O absurdo surge no momento em que esses sentidos pré-fabricados, os quais configuram nossa moral, escolhas etc, não satisfazem nossa vontade, nosso desejo mais particular, ou seja, quando percebemos que acolher tais “sentidos” consiste em acolher o absurdo. O sentido deve ser construído por cada um. O significado na nossa existência passa a se construir no momento em que passamos a viver, a conhecer melhor a nós mesmos e a cada instante construir o sentido para e pelo qual estamos vivos. Um Lugar no Absurdo é a descoberta de Costa Melo do absurdo da existência, mas também a construção de um sentido que não termina com o último verso do último poema do livro. A poesia de Costa Mela é uma obra em aberto.
Por isso sou levado a dizer que a autora do post não compreendeu a imagem para a qual aponta o título. Lendo os poemas que compõem Um Lugar no Absurdo, percebe-se que as emoções, reflexões, inspirações que motivaram Costa Melo a escrevê-los, foram provocadas por um lugar específico, no qual viveu experiências específicas. Contudo, os grandes artistas, mesmo que instintivamente, rompem as fronteiras do espaço-tempo, universalizando sua arte. Ao falar de si, de sua terra natal, Ponte Nova, de sua relação com a cidade e as pessoas que nela vivem, Costa Melo alcança o nível da universalidade. Suas questões, suas emoções, passam a ser de todos os seres humanos, independente de quando e onde tenham nascido. Nesse sentido o livro pode ser chamado de obra de arte, pois, é um livro que fala para todos os seres humanos.

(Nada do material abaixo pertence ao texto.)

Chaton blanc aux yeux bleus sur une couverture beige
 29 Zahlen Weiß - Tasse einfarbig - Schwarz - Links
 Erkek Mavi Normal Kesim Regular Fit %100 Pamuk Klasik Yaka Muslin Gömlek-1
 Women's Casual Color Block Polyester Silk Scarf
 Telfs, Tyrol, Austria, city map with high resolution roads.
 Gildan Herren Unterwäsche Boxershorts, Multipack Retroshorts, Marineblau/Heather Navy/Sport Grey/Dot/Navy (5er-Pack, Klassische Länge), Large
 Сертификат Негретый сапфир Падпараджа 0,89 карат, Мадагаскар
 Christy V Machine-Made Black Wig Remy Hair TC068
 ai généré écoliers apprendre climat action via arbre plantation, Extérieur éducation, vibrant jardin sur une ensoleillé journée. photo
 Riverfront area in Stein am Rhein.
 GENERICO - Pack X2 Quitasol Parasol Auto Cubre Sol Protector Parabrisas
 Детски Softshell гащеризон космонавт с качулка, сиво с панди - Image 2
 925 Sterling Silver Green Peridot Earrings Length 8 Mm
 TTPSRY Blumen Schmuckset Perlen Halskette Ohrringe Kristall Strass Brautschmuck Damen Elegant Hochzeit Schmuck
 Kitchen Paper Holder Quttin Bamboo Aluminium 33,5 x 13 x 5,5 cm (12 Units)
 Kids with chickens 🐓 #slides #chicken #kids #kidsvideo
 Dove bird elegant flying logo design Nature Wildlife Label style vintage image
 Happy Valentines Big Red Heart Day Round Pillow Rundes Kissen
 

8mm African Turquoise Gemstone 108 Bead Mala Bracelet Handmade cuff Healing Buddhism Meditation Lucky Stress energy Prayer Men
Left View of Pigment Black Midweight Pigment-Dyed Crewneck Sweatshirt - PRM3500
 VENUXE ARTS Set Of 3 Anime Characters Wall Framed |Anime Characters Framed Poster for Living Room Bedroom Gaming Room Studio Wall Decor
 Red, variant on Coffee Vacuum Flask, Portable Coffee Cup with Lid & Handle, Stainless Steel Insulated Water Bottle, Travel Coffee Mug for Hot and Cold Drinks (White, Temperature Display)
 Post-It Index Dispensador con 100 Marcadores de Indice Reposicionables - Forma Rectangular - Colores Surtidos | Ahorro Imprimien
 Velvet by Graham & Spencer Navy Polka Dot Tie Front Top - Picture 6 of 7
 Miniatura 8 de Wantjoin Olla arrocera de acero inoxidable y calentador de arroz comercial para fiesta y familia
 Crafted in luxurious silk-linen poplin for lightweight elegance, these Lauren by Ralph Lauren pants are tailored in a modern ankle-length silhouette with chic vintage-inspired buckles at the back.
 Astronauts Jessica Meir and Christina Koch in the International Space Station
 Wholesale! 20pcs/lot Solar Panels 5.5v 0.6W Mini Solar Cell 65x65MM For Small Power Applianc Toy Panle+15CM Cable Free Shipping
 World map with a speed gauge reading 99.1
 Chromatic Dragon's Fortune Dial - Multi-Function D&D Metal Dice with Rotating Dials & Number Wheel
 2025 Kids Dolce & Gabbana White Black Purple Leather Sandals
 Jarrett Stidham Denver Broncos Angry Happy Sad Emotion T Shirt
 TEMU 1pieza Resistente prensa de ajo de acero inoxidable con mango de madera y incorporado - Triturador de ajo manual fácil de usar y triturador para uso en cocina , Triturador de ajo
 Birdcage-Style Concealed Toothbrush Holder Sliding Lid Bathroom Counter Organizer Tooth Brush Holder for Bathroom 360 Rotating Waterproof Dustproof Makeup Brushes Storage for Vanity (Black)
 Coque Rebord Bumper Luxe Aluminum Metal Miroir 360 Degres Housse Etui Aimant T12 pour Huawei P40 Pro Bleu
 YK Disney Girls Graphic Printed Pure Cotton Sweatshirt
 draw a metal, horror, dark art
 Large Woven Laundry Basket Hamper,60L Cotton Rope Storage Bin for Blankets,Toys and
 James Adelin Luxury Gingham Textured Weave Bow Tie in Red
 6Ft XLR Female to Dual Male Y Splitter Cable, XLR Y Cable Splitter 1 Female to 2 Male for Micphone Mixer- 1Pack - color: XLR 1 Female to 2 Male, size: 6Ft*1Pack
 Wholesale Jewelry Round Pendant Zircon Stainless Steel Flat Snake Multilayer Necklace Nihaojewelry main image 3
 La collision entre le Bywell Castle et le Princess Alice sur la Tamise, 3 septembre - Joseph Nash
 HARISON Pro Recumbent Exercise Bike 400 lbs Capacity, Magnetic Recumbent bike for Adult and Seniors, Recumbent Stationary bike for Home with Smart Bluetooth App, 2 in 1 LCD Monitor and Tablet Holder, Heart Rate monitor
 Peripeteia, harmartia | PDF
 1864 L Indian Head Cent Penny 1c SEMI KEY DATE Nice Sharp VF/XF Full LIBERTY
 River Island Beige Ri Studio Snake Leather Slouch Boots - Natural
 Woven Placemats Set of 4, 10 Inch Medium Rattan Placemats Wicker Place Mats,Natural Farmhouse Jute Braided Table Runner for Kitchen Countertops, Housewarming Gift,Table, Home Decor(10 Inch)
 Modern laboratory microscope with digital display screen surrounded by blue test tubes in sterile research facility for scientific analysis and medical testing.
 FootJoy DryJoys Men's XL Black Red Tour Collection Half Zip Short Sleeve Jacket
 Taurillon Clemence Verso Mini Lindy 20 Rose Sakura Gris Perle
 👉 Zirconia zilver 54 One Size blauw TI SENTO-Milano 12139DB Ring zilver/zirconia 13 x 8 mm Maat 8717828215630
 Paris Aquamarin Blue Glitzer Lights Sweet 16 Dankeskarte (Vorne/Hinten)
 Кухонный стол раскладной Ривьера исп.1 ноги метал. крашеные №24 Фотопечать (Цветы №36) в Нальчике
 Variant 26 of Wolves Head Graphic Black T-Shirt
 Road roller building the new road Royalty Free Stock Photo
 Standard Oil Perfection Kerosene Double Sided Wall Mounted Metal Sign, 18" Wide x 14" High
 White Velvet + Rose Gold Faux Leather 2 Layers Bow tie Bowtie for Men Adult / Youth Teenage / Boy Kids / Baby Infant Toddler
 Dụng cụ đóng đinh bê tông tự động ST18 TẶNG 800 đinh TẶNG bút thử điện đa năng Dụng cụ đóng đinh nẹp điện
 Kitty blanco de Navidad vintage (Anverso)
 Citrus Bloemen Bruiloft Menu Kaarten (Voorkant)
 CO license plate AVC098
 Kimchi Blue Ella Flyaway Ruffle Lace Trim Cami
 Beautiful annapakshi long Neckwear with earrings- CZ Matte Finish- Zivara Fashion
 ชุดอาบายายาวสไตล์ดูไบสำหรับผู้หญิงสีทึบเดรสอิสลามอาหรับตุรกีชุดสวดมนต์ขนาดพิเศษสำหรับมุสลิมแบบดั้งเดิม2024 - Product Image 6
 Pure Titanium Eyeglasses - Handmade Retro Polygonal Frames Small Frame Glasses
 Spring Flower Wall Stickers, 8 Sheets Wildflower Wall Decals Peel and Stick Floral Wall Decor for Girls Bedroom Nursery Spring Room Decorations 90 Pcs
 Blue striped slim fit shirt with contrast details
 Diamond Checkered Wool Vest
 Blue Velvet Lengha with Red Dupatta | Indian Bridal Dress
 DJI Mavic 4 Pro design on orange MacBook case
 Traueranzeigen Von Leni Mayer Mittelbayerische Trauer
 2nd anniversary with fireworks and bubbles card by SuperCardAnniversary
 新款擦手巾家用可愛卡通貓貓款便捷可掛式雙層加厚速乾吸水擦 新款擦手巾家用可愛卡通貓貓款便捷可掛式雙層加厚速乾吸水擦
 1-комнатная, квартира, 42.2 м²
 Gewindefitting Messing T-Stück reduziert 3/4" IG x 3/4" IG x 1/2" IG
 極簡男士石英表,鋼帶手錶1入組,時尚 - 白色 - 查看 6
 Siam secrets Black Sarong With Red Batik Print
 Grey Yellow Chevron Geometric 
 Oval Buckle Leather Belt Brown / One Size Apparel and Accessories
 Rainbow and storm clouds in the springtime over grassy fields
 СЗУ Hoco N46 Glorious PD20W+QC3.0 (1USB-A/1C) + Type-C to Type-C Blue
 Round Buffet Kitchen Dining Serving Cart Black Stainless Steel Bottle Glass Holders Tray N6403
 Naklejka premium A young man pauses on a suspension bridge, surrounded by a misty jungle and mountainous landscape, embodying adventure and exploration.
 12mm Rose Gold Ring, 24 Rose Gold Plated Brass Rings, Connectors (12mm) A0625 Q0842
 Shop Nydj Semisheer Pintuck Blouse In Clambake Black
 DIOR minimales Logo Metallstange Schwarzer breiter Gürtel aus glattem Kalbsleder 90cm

Calro que à nós pontenovenses, esses poemas tem um sabor mais forte, pois, embora tratem das emoções e experiências de  Costa Melo, são também um pouco as nossas, pois compartilhamos e vivemos com ele o mesmo tempo e lugar. Em alguns casos me atrevo a dizer, compartilhamos as mesmas aflições! Ponte Nova faz-nos íntimos! Ponte Nova é esse lugar no Absurdo, escrito com letra maiúscula por se tratar da existência, que torna-se absurda quando perde seu sentido, ou melhor, quando se descobre que nunca houve sentido. Isso por só haver sentido quando este é construído e não recebido.
 Os poemas de Costa Melo tentam encontrar um sentido numa terra cuja trajetória histórica está repleta de acontecimentos contraditórios do ponto de vista da vida humana. Há eventos que tornam a existência um absurdo. A história de Ponte Nova começa com a chegada do invasor branco, munido de cruzes e armas de fogo para construir as primeiras fazendas e vilas da região ao custo da vida de milhares de indígenas, passando pela exploração da força de trabalho dos negros, escravizados afim de extrair o açúcar da cana, até a decadência econômica da Princesinha da Zona da Mata, quando os senhores dos engenhos encontraram a falência, originando as gerações posteriores de uma elite que viveria do passado de glória de seus ancestrais da casa grande, que por todo século XX e primeira década do século XXI, ainda viviam a ilusão de serem os escolhidos, a casta superior, ilusão gerada pelo sobrenomes dos antigos senhores de engenho; que a menos de um ano atrás detinham o poder político de nossa Ponte Nova.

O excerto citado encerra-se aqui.